Dr. Fauci’s point was that were this not a pandemic, this would have always been a three-dose vaccine, meaning that the best way to induce memory is to have three doses. That’s true for other vaccines. That’s true for inactivated bio-vaccines, like the polio vaccine. It’s true for purified-protein vaccines like the hepatitis B vaccine. But we don’t have any evidence for that yet in the United States. To date, the vaccines’ two doses appear to still protect against serious illness. So right now, it’s not a three-dose vaccine, it’s a booster dose. So which is it? A three-dose series because it gives us the highest frequencies of memory cells and the best protection against disease? Or is this a booster dose because we’re trying to boost the neutralizing antibodies and lessen mild infection? I just think we need to explain to the American public what it is we’re trying to do with this vaccine.

How long until we have enough data to know which one of those explanations makes sense?

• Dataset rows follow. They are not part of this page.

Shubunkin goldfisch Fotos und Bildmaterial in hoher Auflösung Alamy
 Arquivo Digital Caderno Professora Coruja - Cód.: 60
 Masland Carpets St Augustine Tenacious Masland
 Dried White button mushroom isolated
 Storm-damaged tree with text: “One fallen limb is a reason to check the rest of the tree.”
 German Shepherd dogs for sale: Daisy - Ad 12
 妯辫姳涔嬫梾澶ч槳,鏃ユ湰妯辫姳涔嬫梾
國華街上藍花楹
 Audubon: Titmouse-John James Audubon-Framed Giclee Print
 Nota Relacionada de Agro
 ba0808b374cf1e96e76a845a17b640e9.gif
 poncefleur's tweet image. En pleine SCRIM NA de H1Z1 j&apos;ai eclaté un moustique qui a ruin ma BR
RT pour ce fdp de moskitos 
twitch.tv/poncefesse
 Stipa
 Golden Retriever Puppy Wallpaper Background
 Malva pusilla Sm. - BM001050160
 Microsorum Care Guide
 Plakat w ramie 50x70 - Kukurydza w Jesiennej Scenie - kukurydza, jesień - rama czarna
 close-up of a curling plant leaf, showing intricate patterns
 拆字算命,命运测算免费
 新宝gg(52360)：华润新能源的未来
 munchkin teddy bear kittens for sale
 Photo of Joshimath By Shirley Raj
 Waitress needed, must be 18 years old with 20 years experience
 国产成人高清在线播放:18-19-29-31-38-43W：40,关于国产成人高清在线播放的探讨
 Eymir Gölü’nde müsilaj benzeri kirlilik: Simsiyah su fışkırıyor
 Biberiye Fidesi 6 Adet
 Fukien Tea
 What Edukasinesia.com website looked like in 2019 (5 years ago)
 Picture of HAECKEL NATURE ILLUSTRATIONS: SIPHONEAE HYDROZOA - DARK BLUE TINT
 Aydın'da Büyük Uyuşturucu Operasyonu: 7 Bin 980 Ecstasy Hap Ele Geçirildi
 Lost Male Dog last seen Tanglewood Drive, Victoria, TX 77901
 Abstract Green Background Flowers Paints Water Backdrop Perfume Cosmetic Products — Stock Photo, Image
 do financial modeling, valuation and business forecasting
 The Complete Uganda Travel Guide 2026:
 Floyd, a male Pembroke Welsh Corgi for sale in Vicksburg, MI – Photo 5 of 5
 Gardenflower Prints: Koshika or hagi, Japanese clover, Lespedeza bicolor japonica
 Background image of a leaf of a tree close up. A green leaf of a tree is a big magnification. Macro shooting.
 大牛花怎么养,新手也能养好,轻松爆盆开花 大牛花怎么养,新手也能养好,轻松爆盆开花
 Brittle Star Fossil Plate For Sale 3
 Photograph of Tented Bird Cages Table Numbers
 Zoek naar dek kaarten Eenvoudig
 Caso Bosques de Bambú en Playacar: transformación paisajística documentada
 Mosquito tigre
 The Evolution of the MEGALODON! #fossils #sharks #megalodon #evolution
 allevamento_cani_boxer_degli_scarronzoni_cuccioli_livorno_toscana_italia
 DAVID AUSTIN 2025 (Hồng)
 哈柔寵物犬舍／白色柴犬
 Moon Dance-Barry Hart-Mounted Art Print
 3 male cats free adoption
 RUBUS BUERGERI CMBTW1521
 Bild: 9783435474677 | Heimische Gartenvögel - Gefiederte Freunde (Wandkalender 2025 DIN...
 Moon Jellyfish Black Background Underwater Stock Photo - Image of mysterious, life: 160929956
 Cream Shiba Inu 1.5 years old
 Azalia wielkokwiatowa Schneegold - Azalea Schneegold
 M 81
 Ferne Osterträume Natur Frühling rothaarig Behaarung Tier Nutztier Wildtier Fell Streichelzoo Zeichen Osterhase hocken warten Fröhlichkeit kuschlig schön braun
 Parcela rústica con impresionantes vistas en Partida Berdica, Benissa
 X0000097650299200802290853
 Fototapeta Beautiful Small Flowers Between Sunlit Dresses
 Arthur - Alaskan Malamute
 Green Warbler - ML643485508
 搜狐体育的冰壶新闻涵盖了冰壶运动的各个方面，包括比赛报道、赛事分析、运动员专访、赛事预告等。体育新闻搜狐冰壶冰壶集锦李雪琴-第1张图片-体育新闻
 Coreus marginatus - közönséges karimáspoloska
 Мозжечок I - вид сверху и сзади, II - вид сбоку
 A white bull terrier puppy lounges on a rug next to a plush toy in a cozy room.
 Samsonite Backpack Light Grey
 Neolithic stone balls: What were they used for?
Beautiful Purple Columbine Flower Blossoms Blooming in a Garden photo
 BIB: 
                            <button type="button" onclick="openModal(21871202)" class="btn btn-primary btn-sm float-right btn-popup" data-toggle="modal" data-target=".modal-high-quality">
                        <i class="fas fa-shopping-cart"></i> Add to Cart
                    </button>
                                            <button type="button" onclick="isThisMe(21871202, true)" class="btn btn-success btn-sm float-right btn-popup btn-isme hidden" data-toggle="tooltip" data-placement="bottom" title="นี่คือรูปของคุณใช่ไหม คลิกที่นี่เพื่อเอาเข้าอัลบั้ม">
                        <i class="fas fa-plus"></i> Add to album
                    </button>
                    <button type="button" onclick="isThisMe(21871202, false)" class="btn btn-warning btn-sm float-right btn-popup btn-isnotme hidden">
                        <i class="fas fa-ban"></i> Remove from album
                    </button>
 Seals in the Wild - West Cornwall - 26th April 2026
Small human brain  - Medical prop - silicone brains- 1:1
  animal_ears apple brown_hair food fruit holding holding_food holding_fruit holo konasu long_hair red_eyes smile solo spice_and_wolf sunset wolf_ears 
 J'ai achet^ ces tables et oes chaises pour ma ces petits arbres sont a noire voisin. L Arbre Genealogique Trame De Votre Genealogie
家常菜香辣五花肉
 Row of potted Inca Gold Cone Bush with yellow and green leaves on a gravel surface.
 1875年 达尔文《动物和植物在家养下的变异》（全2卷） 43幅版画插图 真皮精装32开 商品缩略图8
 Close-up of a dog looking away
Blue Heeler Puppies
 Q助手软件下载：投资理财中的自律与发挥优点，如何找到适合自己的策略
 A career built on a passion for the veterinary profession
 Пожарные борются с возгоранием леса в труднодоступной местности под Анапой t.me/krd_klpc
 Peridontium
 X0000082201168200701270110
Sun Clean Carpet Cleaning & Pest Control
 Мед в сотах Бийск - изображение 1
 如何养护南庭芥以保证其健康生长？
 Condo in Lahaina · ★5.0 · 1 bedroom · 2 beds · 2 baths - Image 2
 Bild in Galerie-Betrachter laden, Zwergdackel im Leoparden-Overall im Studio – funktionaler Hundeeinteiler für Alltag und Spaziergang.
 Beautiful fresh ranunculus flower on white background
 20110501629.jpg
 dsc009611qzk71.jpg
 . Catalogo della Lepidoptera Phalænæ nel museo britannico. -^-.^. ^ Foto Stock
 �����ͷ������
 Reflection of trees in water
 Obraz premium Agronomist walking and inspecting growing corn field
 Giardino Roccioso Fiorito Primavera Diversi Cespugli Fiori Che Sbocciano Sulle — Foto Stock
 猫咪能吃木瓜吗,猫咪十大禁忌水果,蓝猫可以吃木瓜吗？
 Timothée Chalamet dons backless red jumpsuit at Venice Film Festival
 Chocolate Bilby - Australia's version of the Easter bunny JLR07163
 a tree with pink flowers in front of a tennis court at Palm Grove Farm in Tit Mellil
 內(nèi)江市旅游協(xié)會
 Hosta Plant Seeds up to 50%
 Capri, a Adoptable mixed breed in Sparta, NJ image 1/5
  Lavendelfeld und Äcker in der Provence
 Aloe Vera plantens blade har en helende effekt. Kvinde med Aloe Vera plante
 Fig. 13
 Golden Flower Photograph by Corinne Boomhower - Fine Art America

It should be very soon. A few days ago Dr. Rochelle Walensky said we had 40 cases of Omicron and of those 40 cases, 10 hadn’t been vaccinated. Of the other 30 people, some had received two doses and some had received three doses. Okay, well, that 40 will become 400, and then 4,000. Then you should have a very good idea as to whether or not that third dose really makes a difference and how virulent Omicron is in the unvaccinated, not previously infected person. It is incumbent upon the CDC to generate those data to prove that it’s important to get that third dose as compared with the second dose.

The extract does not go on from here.